▸ **Task to carry out**
Could you retype exactly the lines running from the line with "this 1000×750 image." to the end of the data, both included, and nothing else?

Input data: Begin

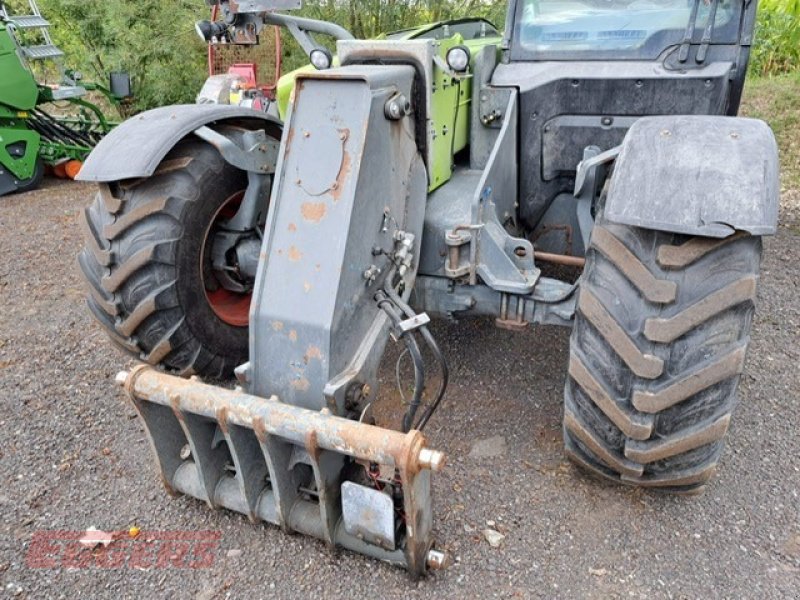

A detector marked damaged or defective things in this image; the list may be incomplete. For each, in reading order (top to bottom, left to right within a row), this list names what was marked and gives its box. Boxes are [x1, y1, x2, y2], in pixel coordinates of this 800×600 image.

rust stain [300, 202, 324, 223]
rust stain [286, 245, 302, 262]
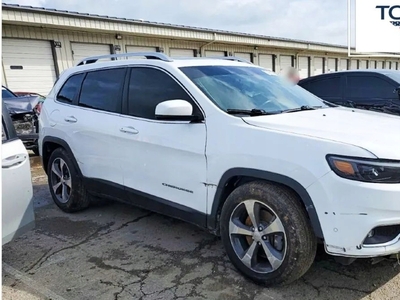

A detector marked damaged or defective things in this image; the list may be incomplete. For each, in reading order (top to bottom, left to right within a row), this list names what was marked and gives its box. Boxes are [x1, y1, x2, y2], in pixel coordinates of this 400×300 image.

damaged vehicle [2, 85, 43, 154]
damaged vehicle [298, 69, 400, 115]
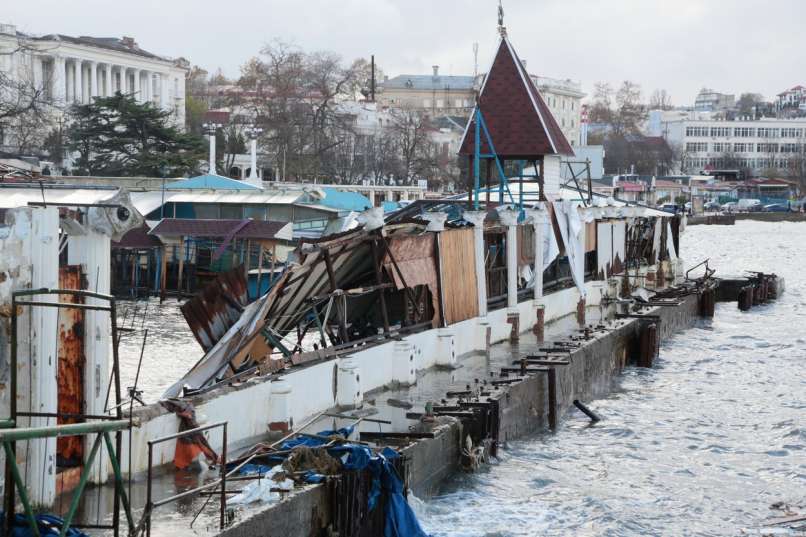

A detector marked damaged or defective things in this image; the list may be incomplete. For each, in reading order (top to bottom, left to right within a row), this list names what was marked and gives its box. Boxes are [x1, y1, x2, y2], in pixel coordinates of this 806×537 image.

torn white sheeting [664, 221, 680, 260]
rusty iron frame [5, 288, 126, 536]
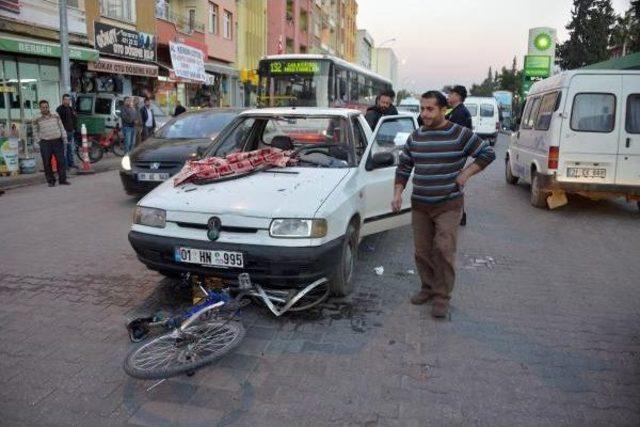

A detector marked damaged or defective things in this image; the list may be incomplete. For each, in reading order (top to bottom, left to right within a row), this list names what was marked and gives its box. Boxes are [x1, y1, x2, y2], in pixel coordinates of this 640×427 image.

damaged windshield [214, 115, 356, 169]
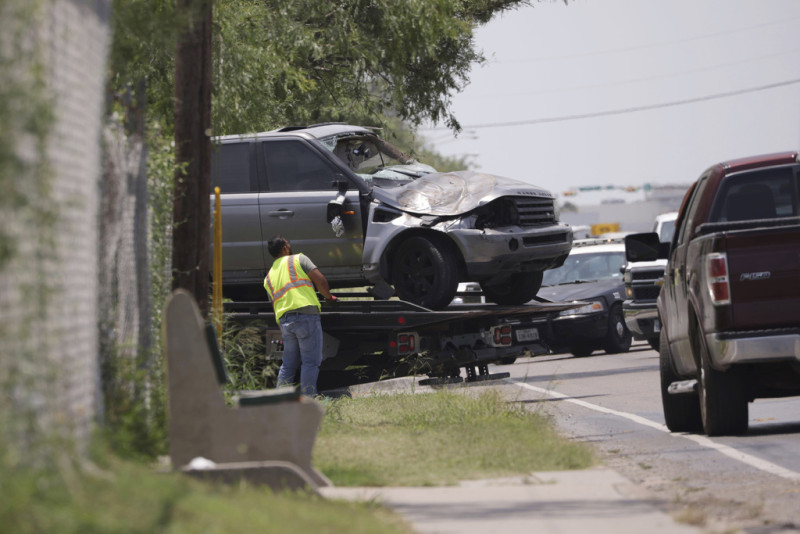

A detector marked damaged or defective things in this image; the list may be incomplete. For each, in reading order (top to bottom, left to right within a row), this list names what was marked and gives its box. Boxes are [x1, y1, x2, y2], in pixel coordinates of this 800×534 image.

shattered windshield [318, 134, 434, 188]
crumpled hood [372, 170, 552, 216]
severely damaged suv [212, 124, 572, 310]
crumpled hood [536, 278, 624, 304]
shattered windshield [540, 252, 628, 286]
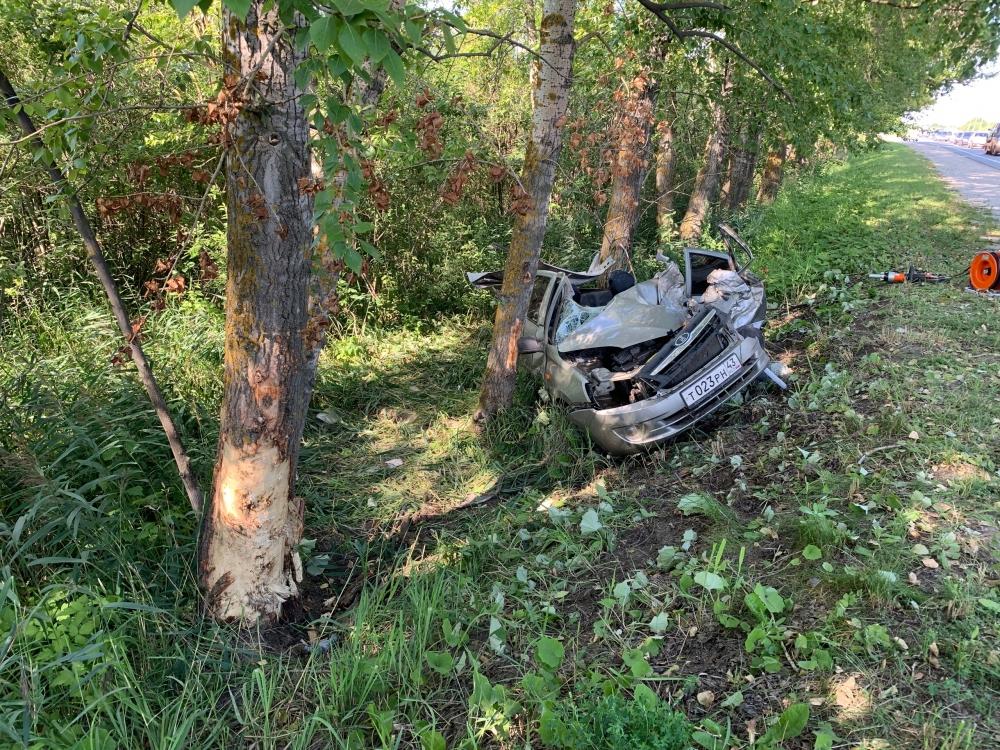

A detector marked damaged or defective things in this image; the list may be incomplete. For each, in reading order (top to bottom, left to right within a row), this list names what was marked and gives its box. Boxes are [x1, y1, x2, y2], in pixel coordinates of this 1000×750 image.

crushed car hood [556, 280, 688, 356]
wrecked car [472, 226, 784, 456]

Input data: End

▸ **Written response**
A detector marked damaged or defective things in this image; the list may be incomplete. For each, in reading order (top to bottom, left to right within a row), this list names what was marked and gives its box. Boxes are [x1, y1, x2, y2], in pixel coordinates of this 1000×750 image.

crushed car hood [556, 280, 688, 356]
wrecked car [472, 226, 784, 456]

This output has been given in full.